Écrit pour l’exposition « Polaroid-Photographies » Artothèque de Lyon, mars 1986

L’exclusion du temps, qu’on nomme éternité, revient au temple comme censure de toute parole païenne. Le musée dans sa fondation veut l’imiter – sceller l’espace définitivement.
Quand Giotto invente l’histoire – en racontant dans le détail quotidien l’iintérieur de la maison, l’activité des femmes ou la colère du Christ renversant les marchands du sanctuaire – il donne au geste la parole.
Le silence gothique est ouvert comme une conque : s’entendent les dialogues des femmes aux préparatifs de l’accouchement de la vierge et la voix de l’ange annonciateur. On babille, on marche dans le ciel. Le théâtre des acteurs va remplacer le temple des prêtres. Cet enjeu est encore le nôtre. Contre ce qui tend à figer les images au nom de quelque modernité ou post-modernité, contre ce qui s’efforce de retenir, d’établir et de guider, même par des stratagèmes et des ruses sophistiquées, contre les immortels, la mouvance indécise des conversations, entretenues par l’artiste avec ses jeux singuliers, pose l’indiscipline de l’invention et de l’inattendu. La femme.

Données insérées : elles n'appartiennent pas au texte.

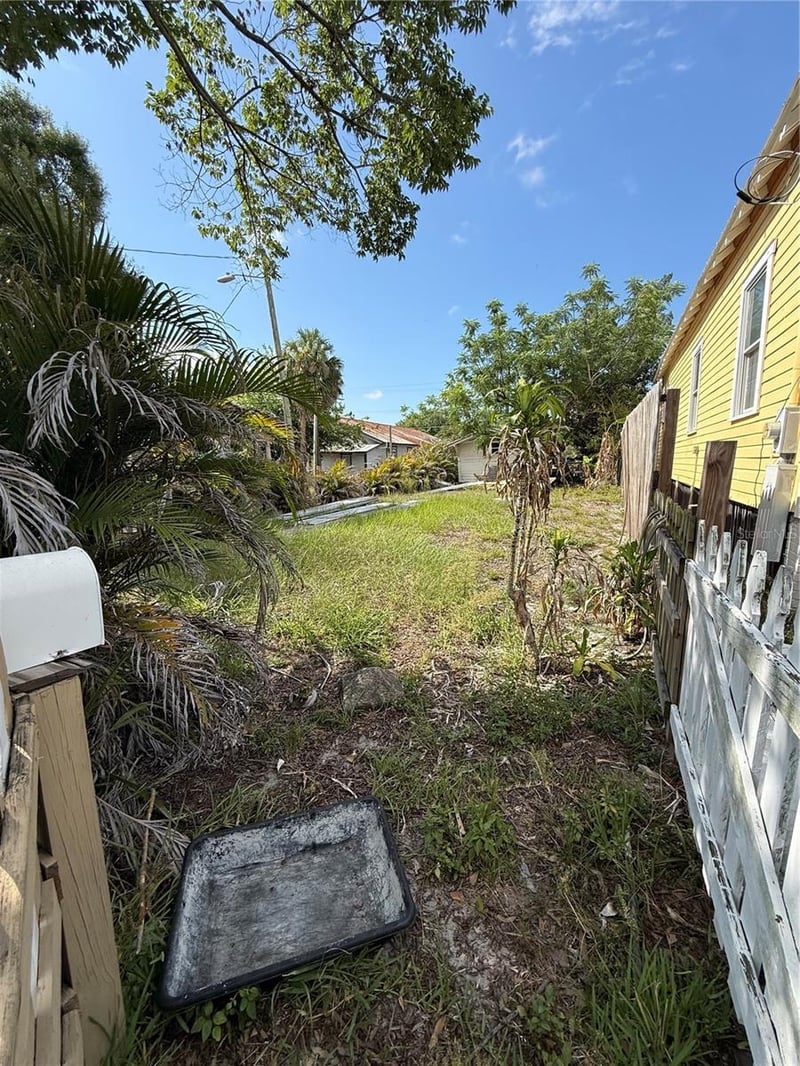 2323 E 12th Ave, Tampa, FL 33605
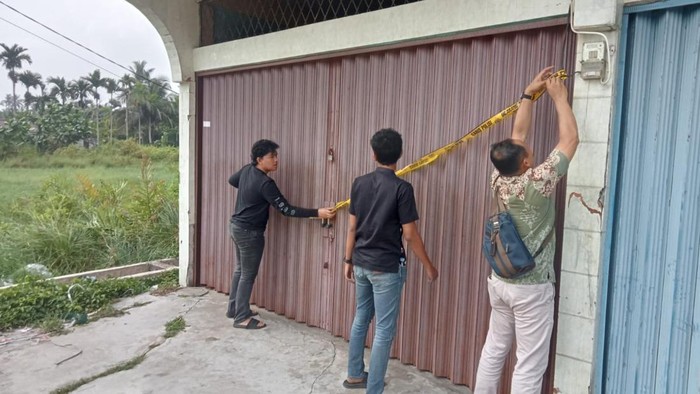 Polisi saat menyiita ruko terkait kasus narkoba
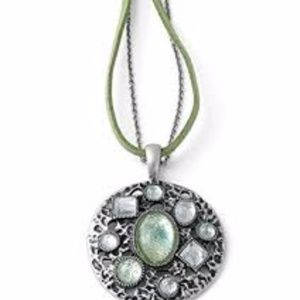 Lia Sophia Mint Julep necklace 16-19"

À cette mouvance des surfaces, qui assimile la peinture et la pellicule – en l’occurrence du polaroid glacé – comme film, s’ajoute l’acte de passage – du noir à l’irradié, d’une séquence à l’autre. Le cinéma, dont il est question, serait-il toujours baroque ou romantique ? Héroïque certainement ; pensez à Wells ou à Godard. Or la femme n’accouche pas du héros – la mère seulement, pas la femme. Corinne Mercadier est artiste. L’émergence irradiante des colonnes et des frontons, revenus directement (peut-être par la langue des femmes) des fresques de Padoue, fend ce qu’elle décrit comme « le chaos du silence ». Comme l’ombre, plane le fantasme fondateur, ni caché ni montré mais déployé en surfaces parce que sans cesse en mouvement – jamais d’après une hypothétique profondeur. Baroque comme l’est l’appropriation par Eisenstein des mensonges extraordinaires de la « Vue de Tolède » (1604-14) du Greco, comme le sont les « Inventions Capricieuses » de Piranèse. Ici, en 1986, la fluidité des images n’a d’égal que la brûlure de leur passage, traves charnelles de la délivrance du temps. Face à l’artiste, nous ne sommes pas l’Autre, mais comme lui, l’acteur. Vers l’énigme le plus possible.